Ebay has seen its shares dive five per cent after it warned investors that it would miss analyst estimates this quarter, with experts citing Amazon as the “primary culprit”.
The online marketplace said that earnings for its first quarter will come in at 50 to 53 cents per share on sales of $2.55 billion to $2.6 billion (£2 billion), missing estimates of 71 cents per share and revenues of $2.64 billion (£2.03 billion).
This also demonstrated yet further stagnant growth after reporting sales of $2.8 billion (£2.15 billion) in its previous quarter and profits of 81 cents per share, despite the company forcing through significant changes last year in an effort to rejuvenate its sales.

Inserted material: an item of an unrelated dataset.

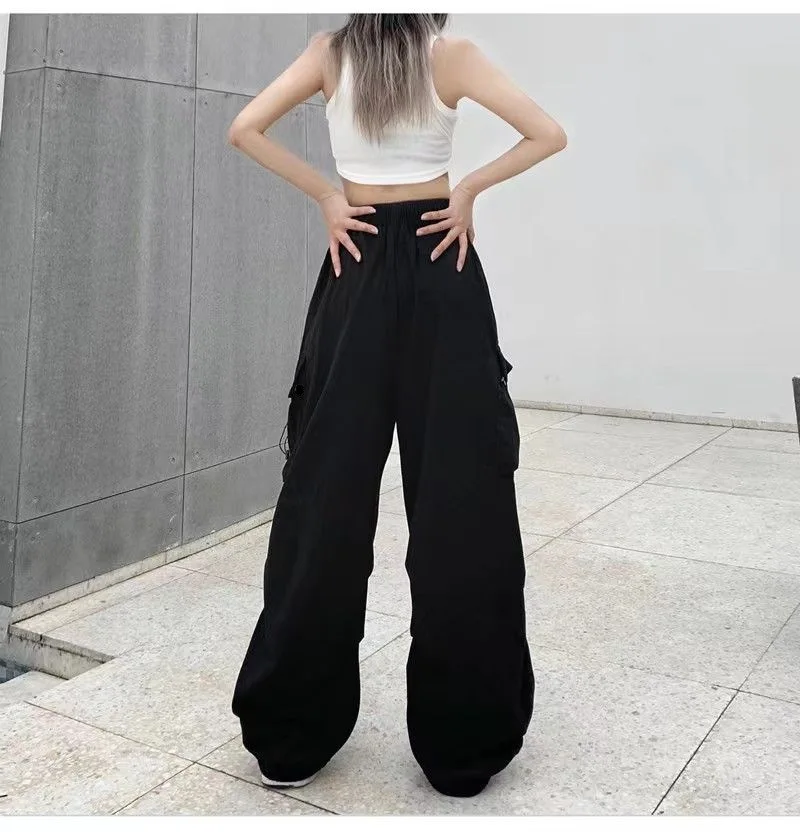 2024 Women Casual Joggers Tech Pants Solid Low Waist Pants Drawstring Wide Leg Baggy Trousers Y2k Streetwear Oversize Sweatpants 2024 Women Casual Joggers Tech Pants Solid Low Waist Pants Drawstring Wide Leg Baggy Trousers Y2k Streetwear Oversize Sweatpants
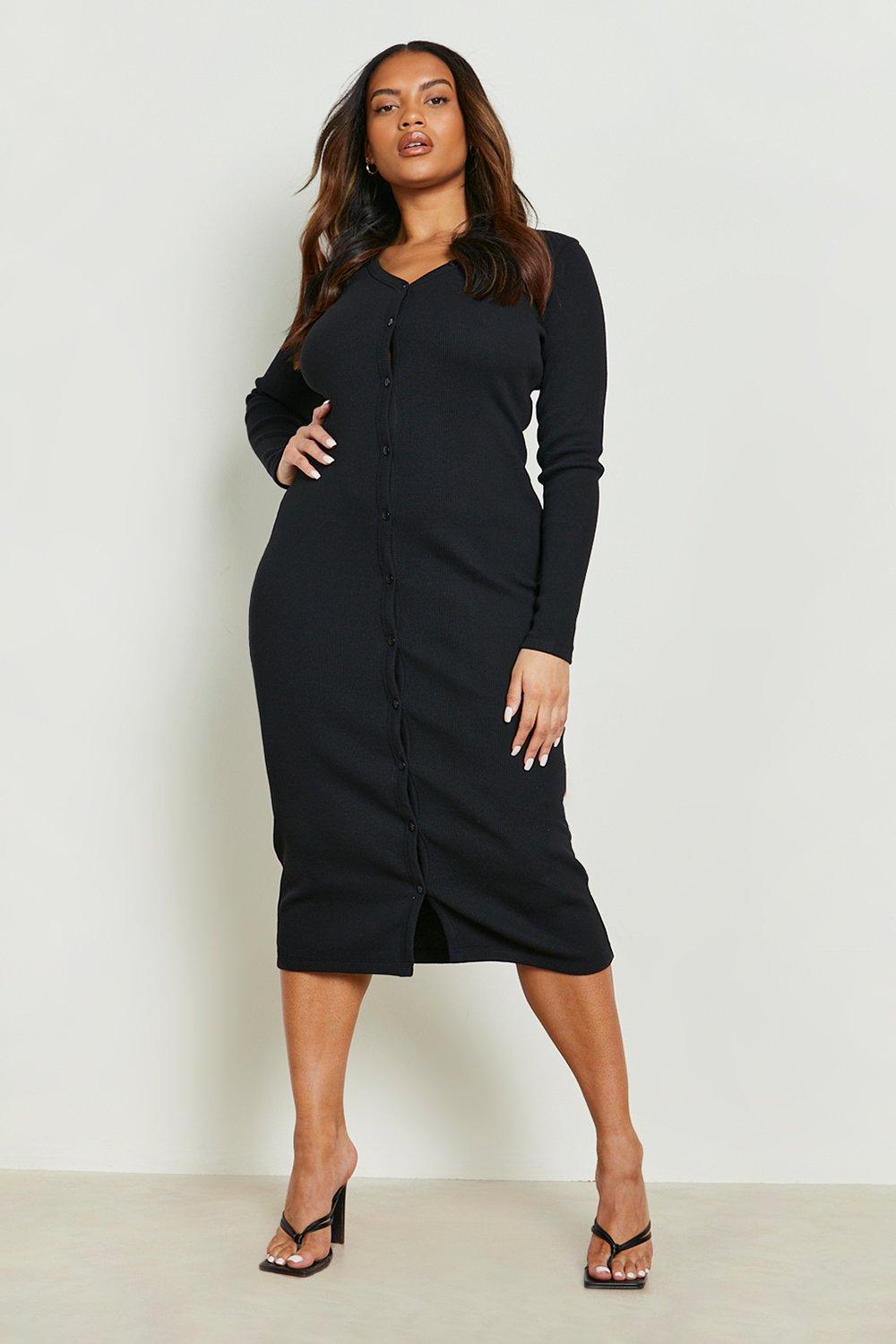 Boohoo button 2025 through midi dress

Activist investors Elliott Management and Starboard Value, which purchased a stake in Ebay and introduced members to its board in early 2019, have been piling pressure on the company to make changes in the face of growing competition from the likes of Amazon and Walmart.
READ MORE: Ebay sells StubHub to Viagogo for $4bn
In March Ebay conceded and launched an in-depth strategic review of its business, a move which caused rifts in its boardroom.
This culminated in the shock departure of its chief executive David Wenig in September, who said it was clear he was “not on the same page as my new board”.
In November, Ebay also succumb to investor pressure to offload its ticket sales website StubHub to Viagogo for $4.05 billion (£3.15 billion).
Stiff competition from online marketplace rivals have also forced Ebay to shift its focus towards its advertising and payments business, seeing nearly $116 million (£88.3 million) slashed from its marketing expenses in the fourth quarter.
“(Ebay) also pulled back on marketing, basically giving up more share back to the marketplace in certain unprofitable channels,” Benchmark analyst Daniel Kurnos told Reuters.
“I’d say Amazon is still the primary culprit”.